Baca juga: Pelaku Teror Bom Bandung Indekos Bersama Istri dan Anak di Sukoharjo, Ini Kata Warga
Rehabilitasi dan Reintegrasi mantan pelaku kekerasan berbasis ekstrimisme, sambung Faisal, yang melibatkan masyarakat luas sudah dicanangkan sejak 2018. Kerja sama dan kolaborasi ini menjadi lebih kuat dan kokoh karena masyarakat terlibat dan berperan aktif.
"Dengan pelatihan ini, aktor-aktor masyarakat luas dapat meningkatkan potensi untuk melancarkan program Rehabilitasi dan Reintegrasi berasal dari masyarakat di kota dan kabupaten di daerah-daerah," tambah Faisal.
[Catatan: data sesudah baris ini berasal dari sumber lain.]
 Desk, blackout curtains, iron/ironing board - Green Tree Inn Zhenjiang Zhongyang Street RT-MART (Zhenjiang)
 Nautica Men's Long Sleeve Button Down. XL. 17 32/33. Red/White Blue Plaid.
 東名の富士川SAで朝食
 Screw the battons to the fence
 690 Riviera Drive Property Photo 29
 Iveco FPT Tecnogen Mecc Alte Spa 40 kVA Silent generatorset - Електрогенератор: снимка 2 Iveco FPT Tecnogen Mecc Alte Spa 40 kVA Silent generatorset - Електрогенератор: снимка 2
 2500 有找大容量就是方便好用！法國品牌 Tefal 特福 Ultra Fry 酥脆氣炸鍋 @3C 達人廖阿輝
Terbukti di tahun 2019, Faisal bersama beberapa organisasi lain, membuat jaringan antara organisasi masyarakat sipil dengan pemerintah hingga berhasil membuat regulasi berupa Surat Keputusan (SK) di Kota dan Kabupaten.
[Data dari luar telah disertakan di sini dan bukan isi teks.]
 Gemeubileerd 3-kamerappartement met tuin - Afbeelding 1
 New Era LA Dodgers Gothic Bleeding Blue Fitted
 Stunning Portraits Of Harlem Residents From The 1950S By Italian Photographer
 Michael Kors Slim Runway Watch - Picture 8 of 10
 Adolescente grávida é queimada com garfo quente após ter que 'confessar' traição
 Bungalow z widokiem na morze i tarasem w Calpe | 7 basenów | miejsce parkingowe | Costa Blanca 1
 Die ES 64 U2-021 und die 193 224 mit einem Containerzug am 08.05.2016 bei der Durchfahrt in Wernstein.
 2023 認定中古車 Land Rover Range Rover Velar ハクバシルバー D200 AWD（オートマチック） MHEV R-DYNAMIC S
SK tersebut membahas pembentukan tim terpadu deradikalisasi mantan pelaku terorisme di tahun 2021 di Provinsi Jawa Tengah dan tahun 2022 di Solo dan Sukoharjo.
Melihat hal itu, Faisal optimis, rangkaian pelatihan yang akan berlangsung sampai Maret 2023 ini, berimbas pada implementasi rehabilitasi dan reintegrasi terhadap pelaku kekerasan berbasis ekstrimisme.
"Tujuan utamanya mengembalikan full hak-haknya, dan bagaimana mereka bisa bercampur di masyarakat dengan normal tanpa ada stigma, kekhawatiran. Otomatis dengan adanya kosehisivitas itu, dia tidak kembali ke jaringan lamanya," terang Faisal.
Marzuki Wahid, Rektor Institut Studi Islam Fahmina (ISIF) sekaligus pemateri pelatihan, menyampaikan sebuah peristiwa tidak akan pernah muncul secara tiba-tiba. Peristiwa memiliki rangkaiannya, bentuk rutinitas dan juga fondasi ideologi yang melandasinya.
Dia menyontohkan kasus bom yang terjadi di Masjid Mapolres Cirebon Kota, pada Jumat (15/4/2011). Kejadian itu sangat mengagetkan banyak pihak lantaran terjadi di masjid yang menjadi tempat ibadah dan pusat keamanan Kota Cirebon.
"Siapa yang memprediksi kalau Cirebon yang dikenal sebagai kota Santri, Kota Wali, Sunan Gunung Jati sangat toleran. Tiba tiba meledak bom. Tempat nya di masjid, di Mapolres yang merupakan pusat keamanan. Dilakukan oleh orang Islam. Ini anomali betul," kata Marzuki.